兄弟で初五輪の小林潤志郎&陵侑、飛躍のカギは「褒めて育てる」…父・宏典さん語る

スポーツ報知

 平昌五輪は9日の開会式に先立ち、8日から一部競技がスタート。日本勢はノルディックスキー男子ジャンプノーマルヒル予選(午後8時半開始)から選手が登場する。昨年11月のW杯ビスワ(ポーランド)大会で初優勝した岩手・八幡平市出身の小林潤志郎(26)=雪印メグミルク=と、陵侑(りょうゆう、21)=土屋ホーム=が兄弟で初出場を果たす。父・宏典さん(53)は褒めて育てて、五輪代表へと飛躍させた。

 一家で追いかけてきた五輪に、息子2人が同時に出場する。中学校教員の傍ら、幼い頃の小林兄弟にスキーを指導してきた父・宏典さんは「日本のトップを目指すことを応援してきた。でも世界のトップまでは想像していなかった。このようにチャンスをいただけて感謝しかない」と語った。
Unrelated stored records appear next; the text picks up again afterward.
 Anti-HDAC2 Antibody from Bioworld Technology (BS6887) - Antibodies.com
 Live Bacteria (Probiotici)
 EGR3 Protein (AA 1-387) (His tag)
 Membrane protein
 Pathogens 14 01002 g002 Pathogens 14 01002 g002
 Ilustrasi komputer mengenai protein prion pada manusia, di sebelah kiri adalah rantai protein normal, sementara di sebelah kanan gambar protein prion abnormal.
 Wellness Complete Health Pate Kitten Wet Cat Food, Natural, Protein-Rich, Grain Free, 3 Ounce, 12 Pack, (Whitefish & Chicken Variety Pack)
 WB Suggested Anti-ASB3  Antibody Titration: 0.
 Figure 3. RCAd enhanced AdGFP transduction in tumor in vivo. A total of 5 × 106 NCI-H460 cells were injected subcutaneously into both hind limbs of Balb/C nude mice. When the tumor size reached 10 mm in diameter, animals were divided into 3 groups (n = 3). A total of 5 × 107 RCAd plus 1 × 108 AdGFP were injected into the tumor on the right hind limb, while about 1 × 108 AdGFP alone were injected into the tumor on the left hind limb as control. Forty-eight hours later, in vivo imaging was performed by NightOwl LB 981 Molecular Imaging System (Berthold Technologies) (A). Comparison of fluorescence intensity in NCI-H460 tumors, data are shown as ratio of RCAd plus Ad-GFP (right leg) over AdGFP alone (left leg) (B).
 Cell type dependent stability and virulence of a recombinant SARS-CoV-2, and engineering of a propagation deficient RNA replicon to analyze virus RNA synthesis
 妹の諭果(ゆか、23)=CHINTAI=、末弟の龍尚(たつなお、16)=盛岡中央高=も含め、きょうだい4人そろって国内トップレベルの選手。岩手県では、男子は高校まで複合の選手として強化するため、2人がジャンプに専念したのは高校を卒業してからだ。

 潤志郎は小学1年生の頃からジャンプ選手に憧れを抱いていたという。「ある大会で中学生のジャンプを見て『あれがやりたい』と目を輝かせていました。小学4年生までジャンプは始められませんでしたが、1、2月になると放映されるジャンプの映像は食い入るように見ていました」。潤志郎が複合選手として活躍を始めると、きょうだいたちも続いた。生活の軸の一つにはスキーがあった。

 中学校でスキー部の顧問も務め、田山中では複合代表の永井秀昭(34)=岐阜日野自動車=も指導していた宏典さんは「やってみせ、言って聞かせて、させてみて、ほめてやらねば、人は動かじ」という昭和の連合艦隊司令長官・山本五十六の言葉を信条に、子供たちも「褒めて育てる」ことを心掛けてきた。

 家ではマッサージや一緒に遊ぶことでスキンシップをし、必要なスキー道具は買いそろえた。その代わり、ゲームは買わないなど、我慢の大切さを染みこませた。

 代表決定後、2人とは話をしていない。「支えてくれた皆さんに感謝して、まずは自分に集中して楽しんできてほしい。家族への報告は、すべてが終わってからでいいと思っていますから」。息子たちの大ジャンプで世界中が沸くことを静かに願っている。

 ◆ノルディックスキー男子ジャンプ競技日程

 ▽ノーマルヒル予選 8日午後9時30分~

 ▽同決勝 10日午後9時35分~

 ▽ラージヒル予選 16日午後9時30分~

 ▽同決勝 17日午後9時30分~

 ▽団体 19日午後9時30分~

 ◆小林 潤志郎(こばやし・じゅんしろう)1991年6月11日、岩手・八幡平市生まれ。26歳。雪印メグミルク所属。4歳からスキーを始め、ジャンプは柏台小4年から。盛岡中央高では08―09年複合代表でW杯出場。東海大北海道2年時からジャンプに専念。15年世界選手権団体ラージヒル4位。17年11月W杯ビスワ大会初優勝。168センチ、55キロ。

 ◆小林 陵侑(こばやし・りょうゆう)1996年11月8日、岩手・八幡平市生まれ。21歳。土屋ホーム所属。柏台小1年からジャンプを始め、松尾中3年の2012年全国中学大会でジャンプ、複合の2冠。盛岡中央高2年の14年に国体複合優勝。15年からジャンプに専念し、16年世界ジュニア選手権ノーマルヒル銅メダル。173センチ、60キロ。